Corn grooming: The systematic repetitive linear grooming pattern rats often apply to their cagemates, which is reminiscent of eating a cob of corn.

Crammock: The term given to a hammock straining to support more rats than it’s structurally capable of holding.

Cross Scritch: A crafty technique requiring the skill of petting two rats at once on different sides of your lap.

Curtailer: A person harboring the completely unfounded, ignorant belief that rat tails are cold, scaly and horrible and they’d be better off without them.

D

Dampressionism: An artistic style of watercolour painting involving the use of one’s tail as a pee paintbrush.

Dawnfall: The sudden degenerative state within your rat cage should you accidentally sleep in past your rats’ usual morning free range time.

Demarkation: The act of removing alpha rat pee from throughout your house.

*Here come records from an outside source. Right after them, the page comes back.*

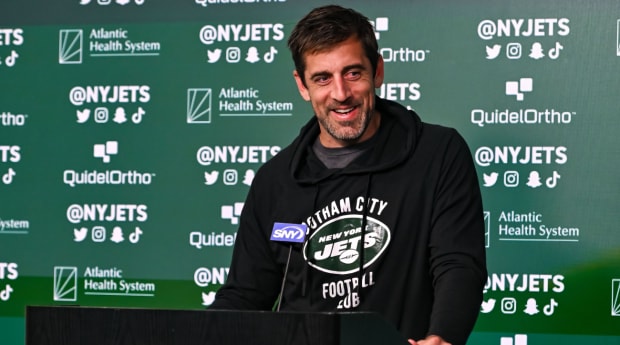 Aaron Rodgers-to-NY Jets talk heating up as Rodgers drops hint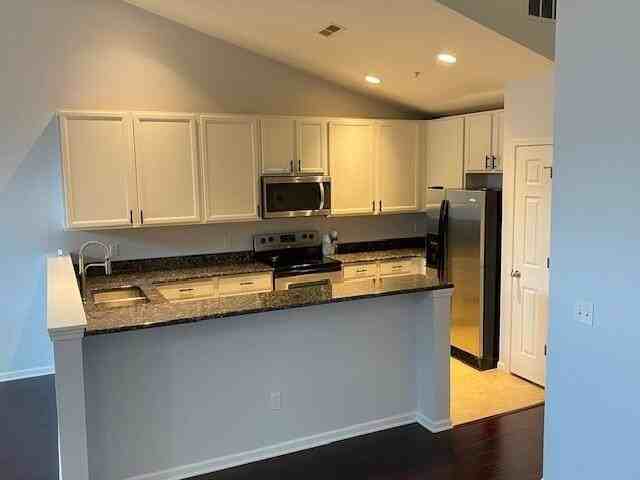 119 W Oakbrook Dr - Photo 4 of 24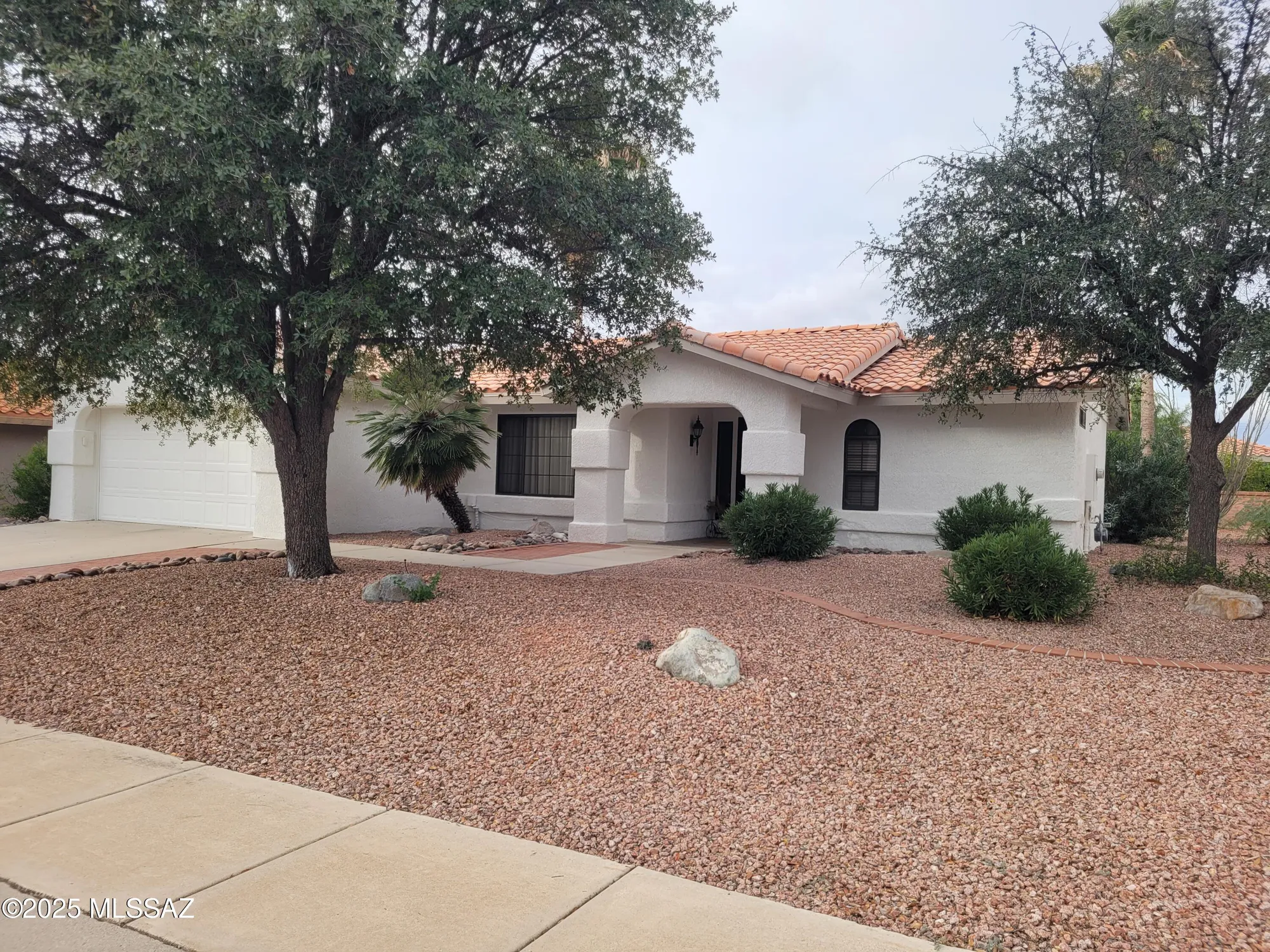 Property Slideshow image 2 of 26 | 14431 n sky trl, Oro Valley, AZ, 85755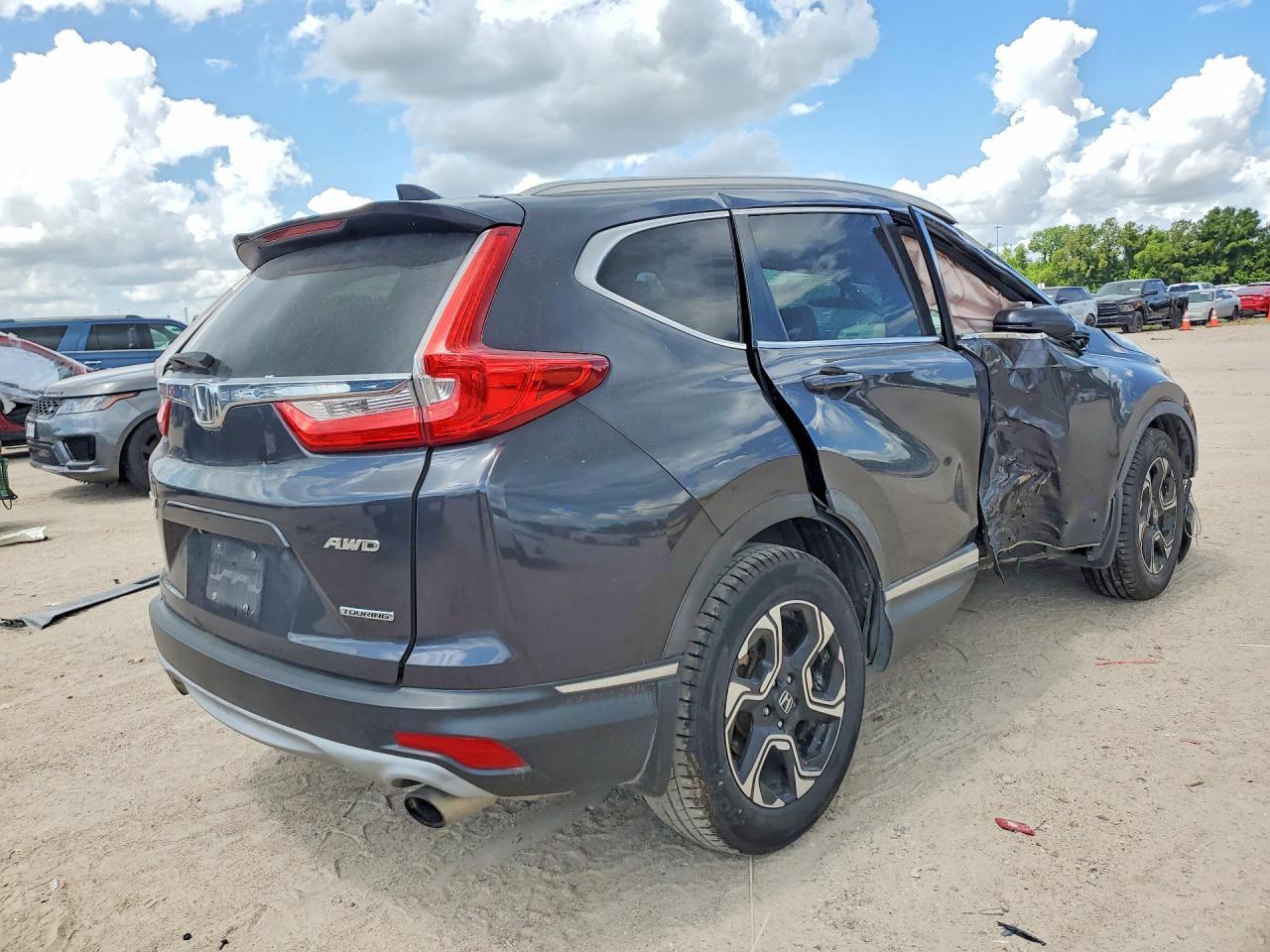 2017 Honda Cr-V Touring - Фото 3
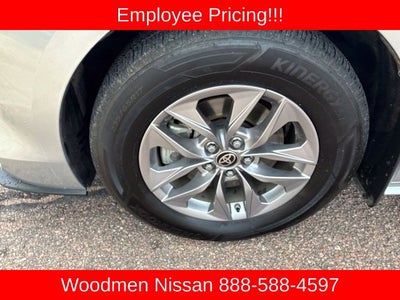 2021 Toyota Sienna XLE 8 Passenger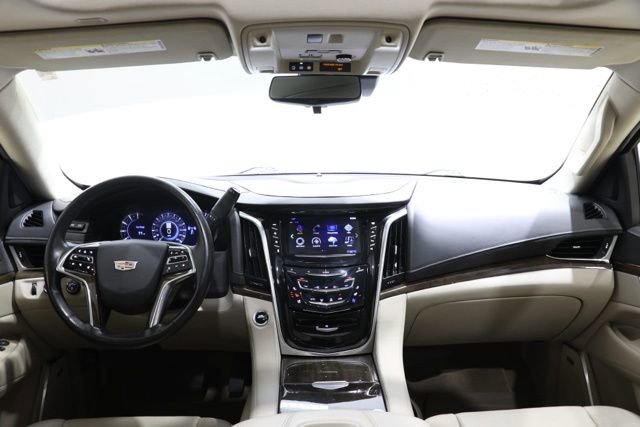 Used 2020 Cadillac Escalade Luxury w/ LPO, Radiant Package AWD/4WD image 14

Deturdant: The latest miracle cleaning product on the market for removing rat raisins stuck on your furniture, carpet, clothes, curtains, pillow case, bath towels, etc.

Drive-by grooming: A heartless crime whereby an alpha rat will stride up to an innocent bystander, furiously groom the victim’s head, and then continue on his way as though nothing happened.

Dropsy: A hyperactivity disorder in rats caused by eating way too many sugary yogurt treats.

E

Eau de Doe: That irresistibly tantalising scent that sends bucks wild with passionate distraction. (see also Bouquet de Buck)

Exherbitionist: A rat who has a compulsive desire to draw attention to itself by digging up pot plants.

Exvermination: The act of removing all traces of your pet rats from view when your landlord is about to visit.

F

Fibervore: An animal that grazes on socks, your favourite t-shirt, carpet, sofa cushions and other soft furnishings.

Flash Animation: The blind frenzy a rat goes into when unexpectedly subjected to a camera lighting system. (see also Vampire Rat)

NEW!
Fluffy Fund: A rat health insurance plan that involves keeping an extra layer of squish on a rat to provide a buffer in case of illness.
Fooffery: The impressive array of cheerful noises a rat will make when excited, specifically involving puffing air in and out of the mouth rapidly. (see also Bruxing and Boggling)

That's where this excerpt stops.